Member of the Washington House of Representatives from the 31st district
- Incumbent
- Assumed office January 13, 2025 Serving with Drew Stokesbary
- Preceded by: Eric Robertson

Personal details
- Born: Joshua Andrew Penner August 4, 1982 (age 43) Bonney Lake, Washington
- Party: Republican
- Children: 4
- Education: Saint Martin's University, BA; Harvard University, ALM

= Josh Penner =

American politician

Joshua Andrew Penner (born August 4, 1982) is a Republican member of Washington House of Representatives for District 31. Penner took office on January 15, 2025.

== Early life and education ==
Penner was raised in Bonney Lake, Washington. He graduated from Sumner High School, Saint Martin's University (BA), and Harvard Extension School (ALM).

== Career ==
Penner has been the mayor of Orting, Washington, since 2018. He is a small business owner.
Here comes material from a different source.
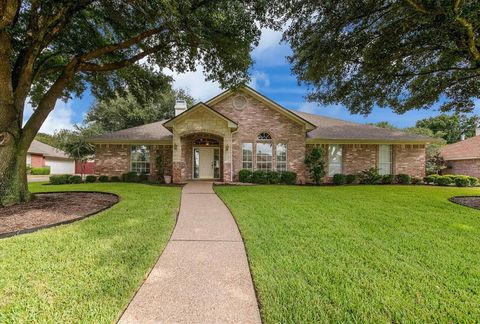 1317 Radisson Drive Hewitt TX 76643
He is the CEO of Inquisic.AI.

He is a U.S. Marine Corps veteran, having served as a radio operator in Iraq.

In November 2025, Penner was elected to the Washington House of Representatives for the 31st District. He received 61.08% of the vote.

He serves on the board of directors for the Association of Washington Cities.

== Personal life ==
Penner married his high school sweetheart, Patricia (Tricia), in August 2005. She is a teacher for the Bethel School District.